Subdivision (a) of section 20894 additionally provides:
    "A person shall not receive credit for the same service in two retirement systems supported wholly or in part by public funds under any circumstance."
With respect to STRS members, Education Code section 22705
similarly prohibits accrual of concurrent service credit in another public retirement system. The purpose of these pension and retirement statutes "is to prevent an individual from receiving double payment for the same service." (See Pearsall v. Board of Administration (1978)86 Cal. App. 3d 125, 128.)
Retirement and pension benefits of a retirement or pension system constitute deferred compensation for services performed. (Betts v. Board of Administration (1978) 21 Cal. 3d 859, 863; Miller v. State of California (1977) 18 Cal. 3d 808, 814-815; Kern v. City of Long Beach (1947) 29 Cal. 2d 848, 851-853; Valdes v. Cory (1983) 139 Cal. App. 3d 773,783-784.) As previously explained, however, the annuities in question do not constitute compensation for services rendered. They were granted for ceasing the performance of services and a waiver of claims. They are not retirement or pension benefits, and the plan does not constitute a retirement or pension system. (See §§ 20303, subd. (b)(4),20894, subd. (c); Lockheed Corp. v. Spink, supra, 517 U.S. at pp. 894-895; In re Marriage of Oddino, supra, 16 Cal.4th at pp. 87-88; Creighton v. Regents of the University of California, supra, 58 Cal.App.4th at pp. 244-245.) The purposes of sections 20303,20894, and Education Code section 22705 would not be served by categorizing the plan involved here as a retirement or pension system.

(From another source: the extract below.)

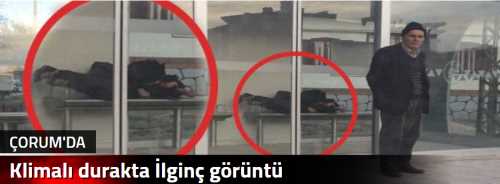 Klimalı durakta İlginç görüntü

In answer to the question presented, therefore, we conclude that a county superintendent of schools may provide a supplemental employee retirement plan that qualifies as a money purchase pension plan or a defined benefit plan under federal law to a limited number of employees as an incentive to take early retirement and in consideration for waiving certain employment-related claims against the county office of education, even where the effective date of the retirement precedes the window period for enrollment in the plan.
1 All references hereafter to the Government Code are by section number only.